General information
- Type: Ultralight aircraft
- National origin: United States
- Manufacturer: Loehle Aircraft
- Status: Production completed
- Number built: 82 (2011)

History
- Introduction date: 1991

= Loehle Sport Parasol =

American homebuilt airplane

The Loehle Sport Parasol is an American single-seat, parasol winged, single engine, ultralight aircraft produced in kit form by Loehle Aircraft for amateur construction. The aircraft meets the requirements of the US FAR 103 Ultralight Vehicles regulations.

When the design was introduced to the market it garnered a high degree of attention for its very low kit price, although the initial price did not include the engine, propeller, instruments or covering supplies.
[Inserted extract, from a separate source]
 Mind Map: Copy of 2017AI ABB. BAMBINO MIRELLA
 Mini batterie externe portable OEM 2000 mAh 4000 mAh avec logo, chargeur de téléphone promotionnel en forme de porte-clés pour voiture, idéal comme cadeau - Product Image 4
It was still one of the lower cost kit aircraft in 2010. Loehle Aircraft is believed to have ceased operations in 2017.

==Design and development==
The Sport Parasol was introduced in 1991. The aircraft is conventional in construction, built predominantly from wood and riveted aluminum tubing, covered in doped aircraft fabric. The wings are double-surface, with half-span ailerons. The wings detach and the tailplane folds for trailer transport and storage. The landing gear is of conventional configuration, with bungee-sprung main gear and a steerable tailwheel.
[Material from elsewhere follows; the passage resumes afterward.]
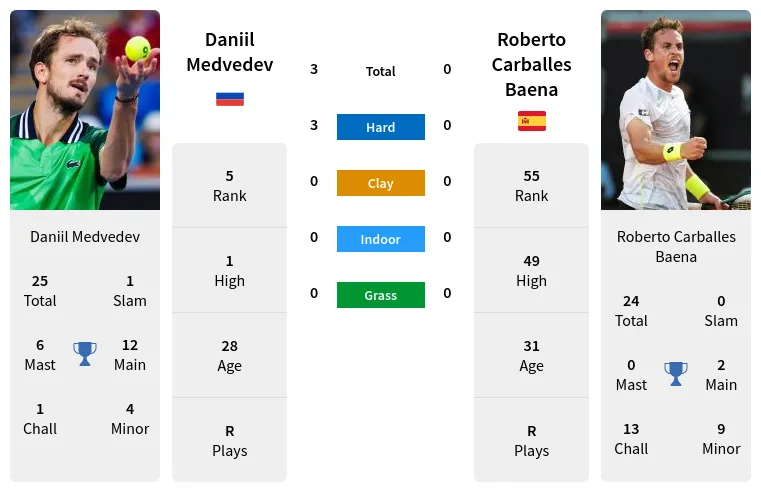 Daniil Medvedev vs Roberto Carballes Baena Prediction Head to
The initial engine recommended for the design was the now out-of-production 28 hp Rotax 277. Recommended engines today include 40 hp Rotax 447 and the 50 hp Rotax 503. Kit options include brakes, an extra 5 USgal fuel tank, spoked wheels, floats and skis. Construction time from the kit is reported as 350 hours.

Reviewer Andre Cliche describes the aircraft as "a very attractive and simple parasol design that flies perfectly."

Bayerl et al. said of the aircraft, "for very low-cost flying this is pretty much it... [the Sport Parasol] offers plenty of fun for little money."